■ About this exercise
Take the lines below from the one with "Bắt bị can vụ" through the one with "Förälder/Föräldrar sökes till" and retype them exactly. Include nothing else, and no pictures.

■ Available records
^^^^
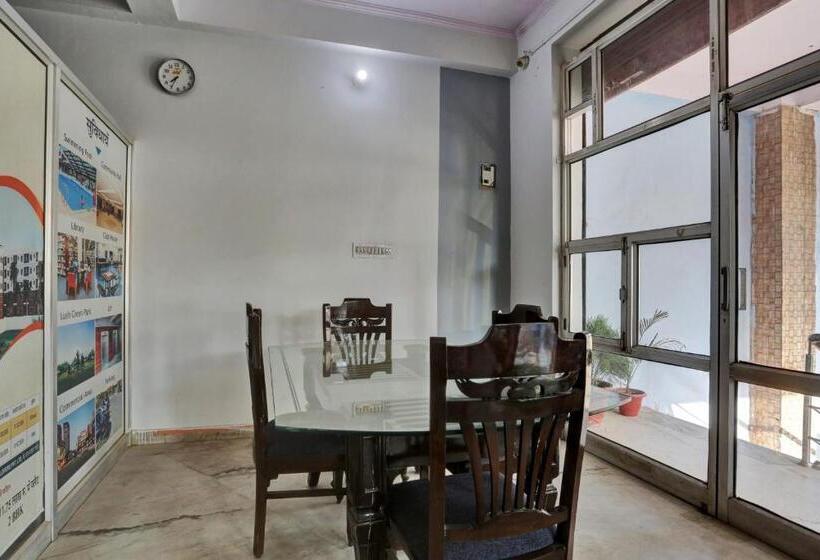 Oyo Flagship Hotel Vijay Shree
^^^^
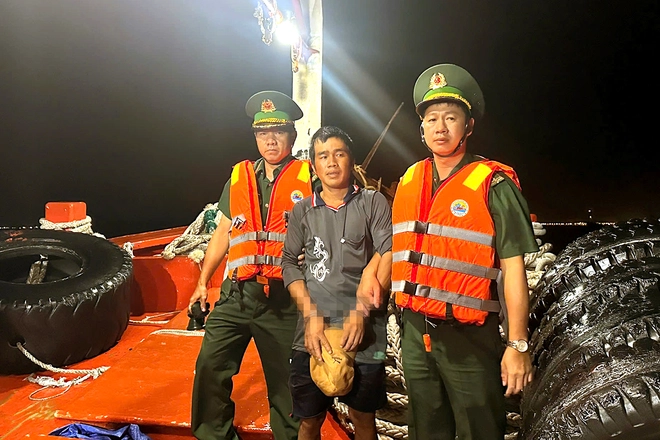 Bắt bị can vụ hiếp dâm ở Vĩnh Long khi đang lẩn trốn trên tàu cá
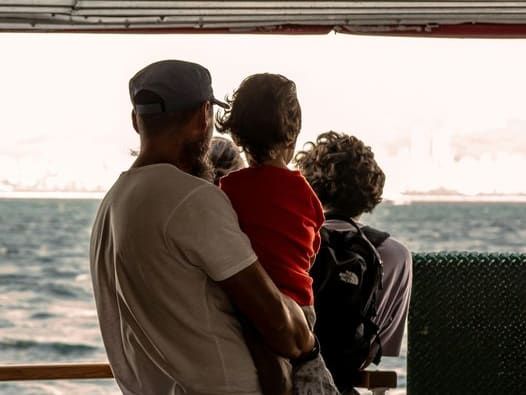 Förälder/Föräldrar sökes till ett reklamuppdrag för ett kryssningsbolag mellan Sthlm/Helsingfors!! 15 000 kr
^^^^
■ Your response
 Bắt bị can vụ hiếp dâm ở Vĩnh Long khi đang lẩn trốn trên tàu cá
 Förälder/Föräldrar sökes till ett reklamuppdrag för ett kryssningsbolag mellan Sthlm/Helsingfors!! 15 000 kr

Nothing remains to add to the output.